"""
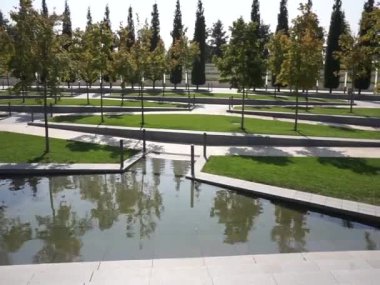 Rusya, Krasnodar Bölgesi. Turizm, dağlar ve tatil beldeleri. Galitsky Park, güneydeki Krasnodar kentinin merkezinde, modern ve güzel bir park alanıdır..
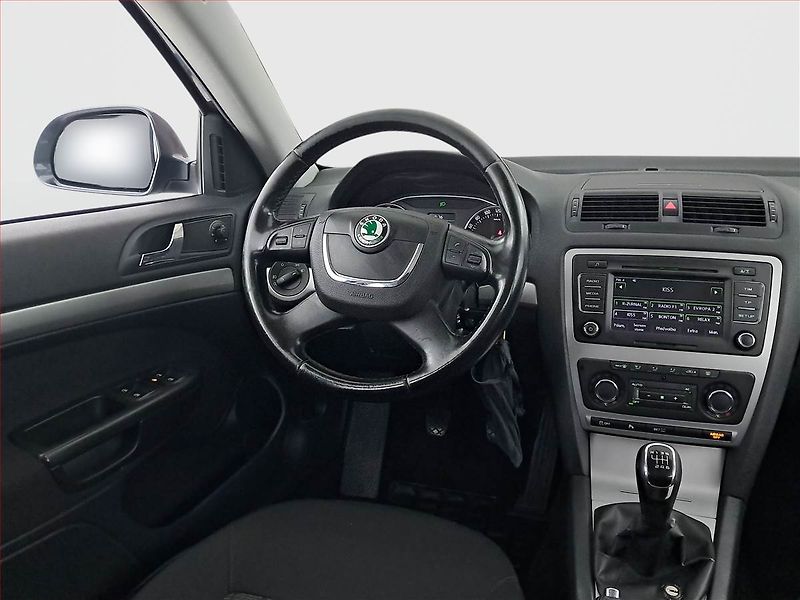 Škoda Octavia (2012) Elegance 1.4 TSI, Tempomat - fotka 7 z 19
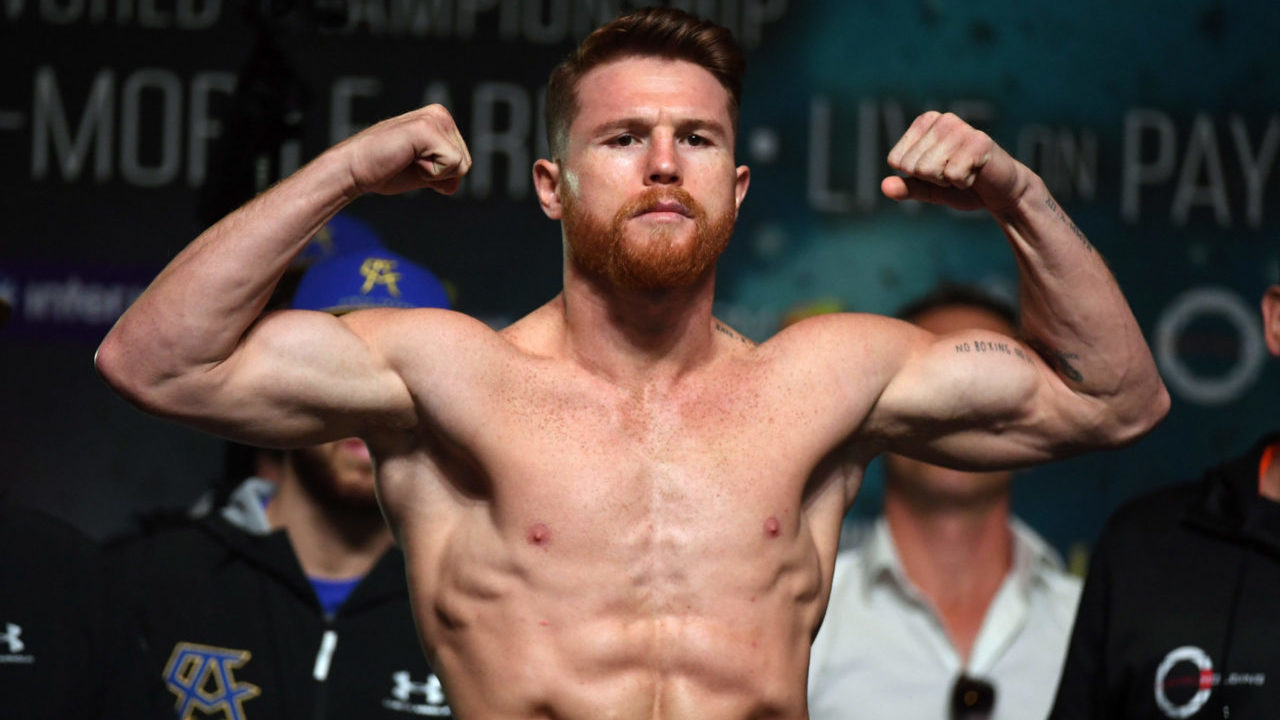 Saul ‘Canelo’ Álvarez defiende sus títulos ante el puertorriqueño Berlanga, que prometió noquearlo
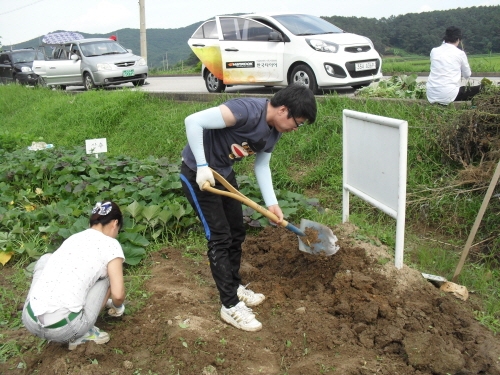 8월 키움장애인가족지원센터 농장활동 사진입니다 이미지 1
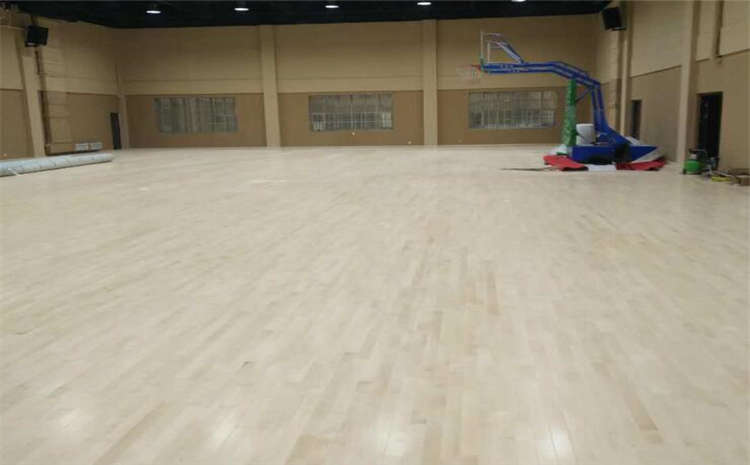五角枫运动篮球地板哪个牌子好？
"""
TASK
Exactly as written, please give again the lines from the beginning of the listing through the line containing "Škoda Octavia (2012)", inclusive, without any pictures.

SOLUTION
 Rusya, Krasnodar Bölgesi. Turizm, dağlar ve tatil beldeleri. Galitsky Park, güneydeki Krasnodar kentinin merkezinde, modern ve güzel bir park alanıdır..
 Škoda Octavia (2012) Elegance 1.4 TSI, Tempomat - fotka 7 z 19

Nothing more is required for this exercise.